Albanese’s visit to China on Saturday marks the first trip by an Australian leader to the country since 2016, as diplomatic tensions gradually ease between the two trading partners. On Monday, he will hold a crucial meeting with Chinese President Xi Jinping.
Yang Hengjun is an Australian citizen born in China and was working in New York before his arrest at Guangzhou airport in 2019. His detention coincided with a significant downturn in Australia-China relations.
The trial of Yang was held in secret at a Beijing court in May 2021, and the specifics of his case have never been publicly disclosed. He has consistently denied allegations of espionage for Australia or the United States.

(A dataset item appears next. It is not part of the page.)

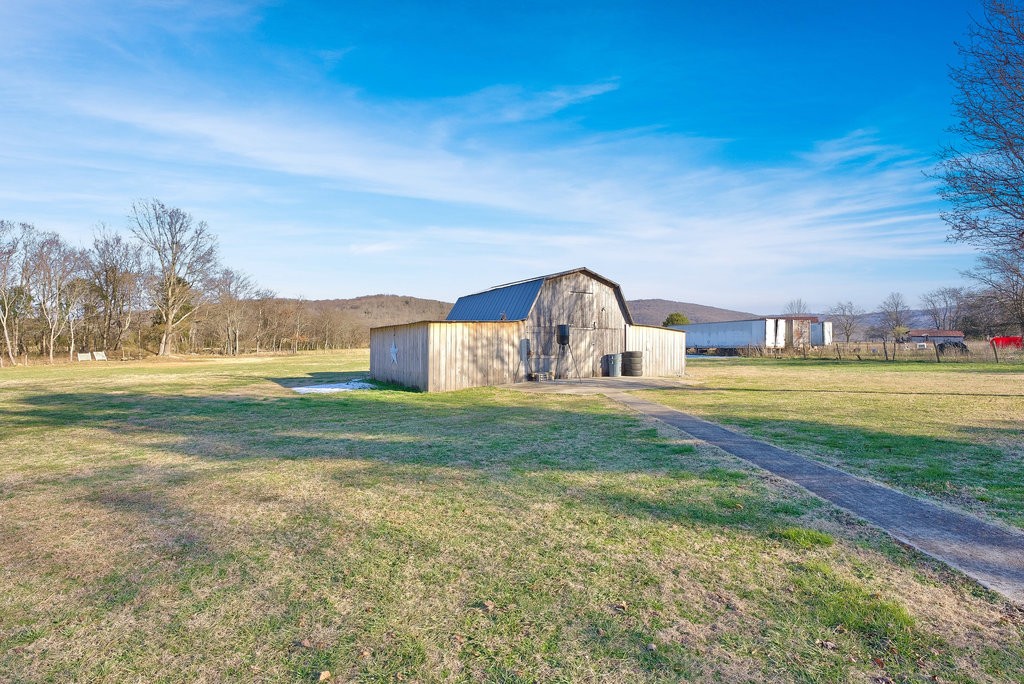 3261 Highway 41 Pelham, TN 37366 - Photo 32 of 36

The recent release of Australian journalist Cheng Lei, who had spent three years in a Beijing prison, was seen by analysts as a diplomatic goodwill gesture before Albanese’s visit.
In a letter dated October 28, the sons of Yang expressed their hope that Albanese could achieve a “second miracle” by securing their father’s release. Yang has now been detained for four years and nine months.
The letter urgently requests Albanese to seek Yang’s release on medical grounds, citing reports of declining health and repeated collapses. Friends of Yang have indicated that his health began deteriorating in August, and his sons are gravely concerned about medical neglect leading to severe consequences.
In the letter, the sons revealed their father’s dire health situation, stating that he is essentially bedridden, unable to walk for three weeks, and deeply worried about the undiagnosed cause of his illness, expressing, “I’m sick, I’m weak, I’m dying.”
In response to the letter, Australian Foreign Minister Penny Wong issued a statement expressing the government’s profound concern about Yang’s deteriorating health. Wong emphasized the government’s shared concerns with Yang’s friends and family regarding his well-being and medical condition.
The sons, who reside in Australia and requested anonymity for privacy reasons, informed the public that they received their first letter from their father, sent from detention, on October 27. In the letter, Yang maintained his innocence under Chinese law and confirmed that he had not made any confession.